Mitgebracht hatte Stein den Pianisten Viktor Soos. Er zählt zu den herausragenden Pianisten seiner Generation, ist mehrfach preisgekrönt und Pianist des Confrigo Klavierquartetts. Mit einem Satz aus Edvard Griegs "Holberg-Suite" und aus dessen "Lyrischen Stücken", mit Robert Schumanns "Humoreske" und Werken von Felix Mendelssohn-Bartholdy legte er den Fokus auf Andersens Affinität zur Musik seiner Zeit. Und damit zugleich auch auf die ganz persönlichen Kontakte des Märchendichters, denn - weitgereist wie er war und stets den Menschen zugetan - hat er sowohl Robert und Clara Schumann als auch Grieg gekannt.

"Nutze deine Fantasie!", hatte der Vater des in armseligsten Verhältnissen aufgewachsenen Hans Christian Andersen einst gesagt, und genau das tat der Sohn sein Leben lang. Vierzehnjährig machte er sich, ausgestattet mit zwölf Reichstalern, von Odense auf der Insel Fünen als Kutschendach-Passagier auf nach Kopenhagen. Sein Ziel: das dortige Königliche Theater, wo der hoch aufgeschossene, 1,80 Meter große, dürre Junge Schauspieler und Tänzer werden wollte. In der Hauptstadt angekommen, sprach er bei einflussreichen Leuten vor, gab Lieder und Tanzeinlagen zum Besten und bedankte sich für die Gunst mit Zeichnungen für die Kinder der Leute.

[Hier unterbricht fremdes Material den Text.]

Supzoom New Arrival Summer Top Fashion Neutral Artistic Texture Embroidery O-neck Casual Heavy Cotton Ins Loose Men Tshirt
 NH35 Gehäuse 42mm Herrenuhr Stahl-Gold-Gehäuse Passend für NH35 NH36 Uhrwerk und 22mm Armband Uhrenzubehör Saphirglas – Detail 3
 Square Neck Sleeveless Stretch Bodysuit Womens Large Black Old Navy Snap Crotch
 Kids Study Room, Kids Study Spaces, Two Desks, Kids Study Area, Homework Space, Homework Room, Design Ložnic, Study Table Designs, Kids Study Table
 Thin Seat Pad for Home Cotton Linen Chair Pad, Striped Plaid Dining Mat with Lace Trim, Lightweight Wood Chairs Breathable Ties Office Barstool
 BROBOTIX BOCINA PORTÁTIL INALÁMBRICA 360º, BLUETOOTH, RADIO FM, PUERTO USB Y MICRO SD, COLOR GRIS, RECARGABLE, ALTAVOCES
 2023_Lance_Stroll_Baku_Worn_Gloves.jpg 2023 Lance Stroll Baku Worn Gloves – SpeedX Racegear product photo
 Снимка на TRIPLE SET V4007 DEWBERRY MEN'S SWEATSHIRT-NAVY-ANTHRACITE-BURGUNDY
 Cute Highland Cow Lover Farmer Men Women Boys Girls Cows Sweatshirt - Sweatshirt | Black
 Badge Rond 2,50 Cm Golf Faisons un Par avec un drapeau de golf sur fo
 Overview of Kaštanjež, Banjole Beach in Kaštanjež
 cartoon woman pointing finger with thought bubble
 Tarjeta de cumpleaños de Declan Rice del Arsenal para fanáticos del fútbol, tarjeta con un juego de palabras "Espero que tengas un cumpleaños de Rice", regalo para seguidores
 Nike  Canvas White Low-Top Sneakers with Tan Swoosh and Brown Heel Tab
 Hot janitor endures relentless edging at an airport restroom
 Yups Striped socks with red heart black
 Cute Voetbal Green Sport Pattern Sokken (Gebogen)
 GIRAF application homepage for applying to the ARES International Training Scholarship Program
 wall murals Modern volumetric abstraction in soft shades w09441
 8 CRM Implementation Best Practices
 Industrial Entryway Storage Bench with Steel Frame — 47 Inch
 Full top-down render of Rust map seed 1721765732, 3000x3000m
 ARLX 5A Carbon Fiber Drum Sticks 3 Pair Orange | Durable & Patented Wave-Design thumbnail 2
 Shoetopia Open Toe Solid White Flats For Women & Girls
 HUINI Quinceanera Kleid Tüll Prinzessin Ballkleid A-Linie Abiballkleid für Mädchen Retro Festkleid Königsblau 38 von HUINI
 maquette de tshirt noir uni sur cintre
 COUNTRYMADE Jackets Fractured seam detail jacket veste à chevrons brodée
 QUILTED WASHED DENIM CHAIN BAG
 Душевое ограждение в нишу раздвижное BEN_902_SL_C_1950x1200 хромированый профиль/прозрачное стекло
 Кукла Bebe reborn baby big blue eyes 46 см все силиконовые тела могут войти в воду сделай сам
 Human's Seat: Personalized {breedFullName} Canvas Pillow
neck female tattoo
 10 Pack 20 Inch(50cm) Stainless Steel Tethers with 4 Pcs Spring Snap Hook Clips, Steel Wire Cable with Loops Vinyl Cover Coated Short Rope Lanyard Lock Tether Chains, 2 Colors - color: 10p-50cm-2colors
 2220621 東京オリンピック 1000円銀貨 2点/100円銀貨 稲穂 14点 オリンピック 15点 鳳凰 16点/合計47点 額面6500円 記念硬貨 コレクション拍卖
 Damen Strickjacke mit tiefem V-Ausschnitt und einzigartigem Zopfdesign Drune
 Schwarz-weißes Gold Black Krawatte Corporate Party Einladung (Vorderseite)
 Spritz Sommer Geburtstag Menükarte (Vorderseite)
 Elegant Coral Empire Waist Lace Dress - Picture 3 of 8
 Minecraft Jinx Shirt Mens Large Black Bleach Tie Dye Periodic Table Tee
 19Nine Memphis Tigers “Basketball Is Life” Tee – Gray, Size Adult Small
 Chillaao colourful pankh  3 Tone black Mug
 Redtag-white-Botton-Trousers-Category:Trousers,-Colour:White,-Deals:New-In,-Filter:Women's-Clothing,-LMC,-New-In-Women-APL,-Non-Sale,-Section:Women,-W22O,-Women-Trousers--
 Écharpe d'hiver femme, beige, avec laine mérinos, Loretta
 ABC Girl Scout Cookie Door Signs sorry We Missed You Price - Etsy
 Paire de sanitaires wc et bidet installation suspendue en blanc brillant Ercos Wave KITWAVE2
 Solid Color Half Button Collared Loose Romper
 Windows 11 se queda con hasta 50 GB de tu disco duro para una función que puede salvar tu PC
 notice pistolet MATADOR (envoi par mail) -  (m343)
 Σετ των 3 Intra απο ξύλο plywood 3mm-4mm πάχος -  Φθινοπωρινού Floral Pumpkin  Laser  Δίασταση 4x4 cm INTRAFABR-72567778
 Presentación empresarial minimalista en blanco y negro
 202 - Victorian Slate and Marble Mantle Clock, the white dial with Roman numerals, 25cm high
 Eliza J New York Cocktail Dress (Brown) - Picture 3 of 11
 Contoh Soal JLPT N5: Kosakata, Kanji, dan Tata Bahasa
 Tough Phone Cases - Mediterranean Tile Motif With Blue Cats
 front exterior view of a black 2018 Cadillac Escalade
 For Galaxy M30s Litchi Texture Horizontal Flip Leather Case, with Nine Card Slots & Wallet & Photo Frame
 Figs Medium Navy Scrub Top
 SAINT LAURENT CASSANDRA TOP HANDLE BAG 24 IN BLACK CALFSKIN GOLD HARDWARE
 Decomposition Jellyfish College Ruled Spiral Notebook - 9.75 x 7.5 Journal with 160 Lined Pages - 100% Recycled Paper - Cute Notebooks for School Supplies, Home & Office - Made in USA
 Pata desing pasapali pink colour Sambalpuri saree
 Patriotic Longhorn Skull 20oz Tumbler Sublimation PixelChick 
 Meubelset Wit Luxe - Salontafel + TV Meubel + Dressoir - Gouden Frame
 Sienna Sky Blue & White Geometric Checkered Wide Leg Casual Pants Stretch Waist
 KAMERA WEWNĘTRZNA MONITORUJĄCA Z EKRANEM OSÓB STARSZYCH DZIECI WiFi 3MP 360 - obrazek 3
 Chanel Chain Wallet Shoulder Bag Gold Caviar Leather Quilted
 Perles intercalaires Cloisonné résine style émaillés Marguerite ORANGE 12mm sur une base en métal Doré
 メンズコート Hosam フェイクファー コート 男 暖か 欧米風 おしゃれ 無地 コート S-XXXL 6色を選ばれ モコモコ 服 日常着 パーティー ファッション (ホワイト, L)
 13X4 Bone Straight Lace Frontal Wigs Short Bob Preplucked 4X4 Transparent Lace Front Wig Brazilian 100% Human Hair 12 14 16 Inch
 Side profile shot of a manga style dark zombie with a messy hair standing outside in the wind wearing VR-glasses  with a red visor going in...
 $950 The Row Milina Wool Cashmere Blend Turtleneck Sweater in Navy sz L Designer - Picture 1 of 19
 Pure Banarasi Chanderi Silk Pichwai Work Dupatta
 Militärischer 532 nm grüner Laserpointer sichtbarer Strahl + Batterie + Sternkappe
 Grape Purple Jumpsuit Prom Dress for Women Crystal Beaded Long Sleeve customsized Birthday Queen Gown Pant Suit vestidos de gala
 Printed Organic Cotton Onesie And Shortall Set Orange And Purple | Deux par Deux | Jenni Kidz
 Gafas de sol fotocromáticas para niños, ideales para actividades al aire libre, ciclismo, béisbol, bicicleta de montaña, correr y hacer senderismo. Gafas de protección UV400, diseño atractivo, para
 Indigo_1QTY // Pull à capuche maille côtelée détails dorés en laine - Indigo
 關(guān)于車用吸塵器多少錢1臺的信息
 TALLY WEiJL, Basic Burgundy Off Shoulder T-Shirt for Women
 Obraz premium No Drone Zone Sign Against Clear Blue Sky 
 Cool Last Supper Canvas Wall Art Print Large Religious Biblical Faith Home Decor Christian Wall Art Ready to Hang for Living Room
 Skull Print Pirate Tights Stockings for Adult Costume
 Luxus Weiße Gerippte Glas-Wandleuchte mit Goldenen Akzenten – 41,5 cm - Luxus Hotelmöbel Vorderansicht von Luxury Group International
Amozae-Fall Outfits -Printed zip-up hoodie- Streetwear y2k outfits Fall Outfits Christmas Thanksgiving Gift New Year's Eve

Dass es in Kopenhagen jener Zeit einflussreiche Leute gab, die das Besondere in diesem ungewöhnlichen Jungen erkannten, war Hans Christian Andersens Glück. So geriet er an Jonas Collin, den Finanzberater des dänischen Königs und Direktor des Königlichen Theaters, der ihn unter seine Fittiche nahm und ihm eine Ausbildung an den Lateinschulen in Slagelse und später Helsingör ermöglichte, bis hin zum Universitätsstudium in Kopenhagen. Als Andersen 26-jährig zum ersten Mal Dänemark verließ, führte ihn seine erste Reise nach Deutschland, wo er im Harz zum "leidenschaftlichen, eigenwilligen Zeichner" wurde. Reisen wurden, so Stein, zu des Dichters "Lebenselexier". Zusammengerechnet würde Andersen insgesamt neun Jahre auf Reisen sein, große Teile Europas sehen und Hunderte Zeichnungen machen.
Sie sollten nie gezeigt werden und waren dennoch eng mit seinem Prosa-Werk verbunden. Mit ihnen hatte Andersen sich Stein zufolge "Erinnerungsstücke" geschaffen.
Ganze Passagen seines ersten Romans "Der Improvisator" habe der Dichter nach den Zeichnungen geschrieben. Hans Christian Andersens Geburtsstunde als Märchendichter fällt in das Jahr 1835, da ist er 30 Jahre alt. Nach und nach erwirbt er sich einen Ruf als Märchendichter, will als scharfer Beobachter eben nicht nur für Kinder, sondern sehr wohl auch für Erwachsene der Märchendichter sein. Seine Papierkunst entsteht scheinbar nebenbei. Wenn er Kindern Geschichten erzählt, erwachsen aus seinen Händen geheimnisvolle Scherenschnitte mit Motiven seiner Märchenfiguren, mit exotischen Vögeln oder Tänzerinnen. Eine Überraschung, auch für Kenner des Märchendichters, sind Andersens Collagen aus den 1850er Jahren, wo er Fotos, Opernbilette und ausgeschnittene Gedichte zu Papierkunstwerken zusammenfügt.
Hans Christian Andersen, der zeitlebens unglücklich Verliebte (und das nicht nur in die "schwedische Nachtigall" Jenny Lind), richtet sich erst mit über 60 eine eigene Wohnung ein. Mittendrin ein Wandschirm, auf dem er seine Lebensstationen und zahlreichen Reiseziele zu einer Riesencollage verarbeitet.